While there are many different racing disciplines that Mustangs participate in and usually dominate using products that we test and report about in our tech articles, we're sometimes guilty of making the assumptive generalization that our readers share our 'Stang-racin'-is-drag-racin' mentality.

We begrudgingly admit that not all competitive 'Stangbangers are diehard drag fans. Some enthusiasts prefer to challenge their Mustangs and driving skills by going up and down hills, around hairpin corners, and across long straightaways on a road course. Road racing, autocrossing, and other forms of non-straight-line competition is cool when it's all said and done, as long as it's being done in a 'Stang.

The road course at Willow Springs and the canyons of Southern California's Malibu area are asphalt playgrounds for Mason "Mase" Rowland when it's time to give his 500hp, Vortech-blown, '93 Cobra exercise. If Mase's name sounds familiar, it's because you've read it in this mag on more than a few occasions.
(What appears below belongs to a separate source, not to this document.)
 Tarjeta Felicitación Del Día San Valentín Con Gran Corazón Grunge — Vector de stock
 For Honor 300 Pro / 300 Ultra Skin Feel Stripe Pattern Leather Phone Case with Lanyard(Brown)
He's the lead technician at B&D Racing in Canoga Park, California-a 'Stang-specific installation and dyno facility that assists us with tech projects.

While Mase is better known for upgrading 'Stangs, he also has a bit of a reputation for breaking World Class and standard T-5 transmissions. In fairness, we can't put all the blame on Mase alone, as the rigors of road racing-constant up- and downshifting and high-rpm-to-clutch-action preciseness required for smooth, grind-free shifts-can play a huge part in the destruction of a 'Stang's stock, stick transmission's internals.
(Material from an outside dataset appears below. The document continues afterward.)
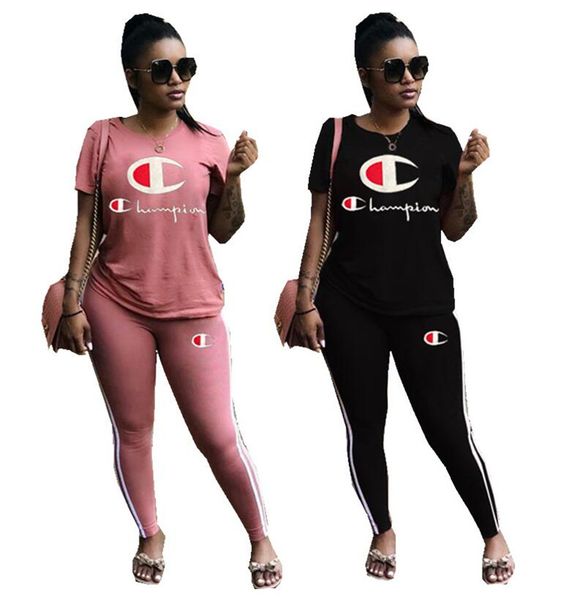 

Summer champion women track uit hort leeve t hirt pant outfit 2xl hort leeve jogger et port wear 2019 a3144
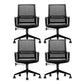 Modern Desk Chair Mesh Ergonomic Computer Chair Mid-Back Chair with Wheels 4 Piece Set Clearhalo 'furn' 'furn_office_chair' 'Furniture' 'Office Chairs' 'Office Furniture' 'office_chair' 6289365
Gerry uses engine assembly lube on all the bearings used in an Astro transmission. The lube keeps the bearings' cones and needles from rusting or pitting if the tranny isn't going to be installed immediately after it has been built.

After explaining Mase's dilemma with Tony Sarvis of Astro Performance Warehouse in Tavares, Florida, Tony suggested we try one of Astro's five-speed trannys ($1,995 without core) as a stout remedy for the input-shaft and Third-gear breakage that has plagued Mase's Cobra.
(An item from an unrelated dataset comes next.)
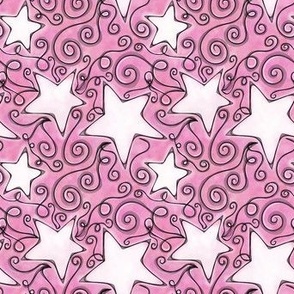 White Stars on Cotton Candy Pink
According to Tony, our best bet is to go with a bulletproof gearset that features his company's new "A-Five" First- through Fourth-gear package ($1,095). The gear kit features helical-cut gears capable of supporting double the amount of power and torque the factory pieces will stand up to (650 hp/525 lb-ft based on a 3,400-pound Mustang). The larger, wider, and thicker gears will accept the synchronizers, dog rings, and sliders of a stock World Class T-5, which keeps the upgraded tranny's shift quality smooth and relatively quiet. We think this deal will be perfect for Mase's daily driven 500hp 'Stang. Our project tranny will also be upgraded with a 9310-alloy output shaft ($395), countershaft support-plate and bolts ($45), First- through Fourth-gear shift-fork lugs ($49.95), and an all-steel bearing retainer.

Here's a closer look at the installed countershaft. Notice how wide the second gear is? This greater-than-stock width makes installing a bronze bushing mandatory on the Reverse idler gear.

Since Mase likes powering through turns, we had his Astro-prepped transmission set up with a Road Race Fifth gear ($239), featuring a 9310-alloy, 0.79 percent Overdrive. The Road Race Overdrive is currently the only synchronized gear of its type, designed for hard-driving enthusiasts who want their 'Stangs to pull hard throughout the First- to Fifth-gear powerband. Thanks to this unique Overdrive, revs continue to climb in top gear instead of dropping off to the fuel-conscious, sub-2,000 rpm that are common for the 0.59 Fifth gear found in stock T-5s. Astro also offers remanufactured T-5 units that include the A-Five gear kit, starting at $1,595 with core exchange.

We had the good fortune of following Astro's shop foreman Gerry Hoffman as he went about building Astro's A-Five five-speed. The hardware differences compared to the factory gearset are dramatic, as you'll see in our photo coverage of the process.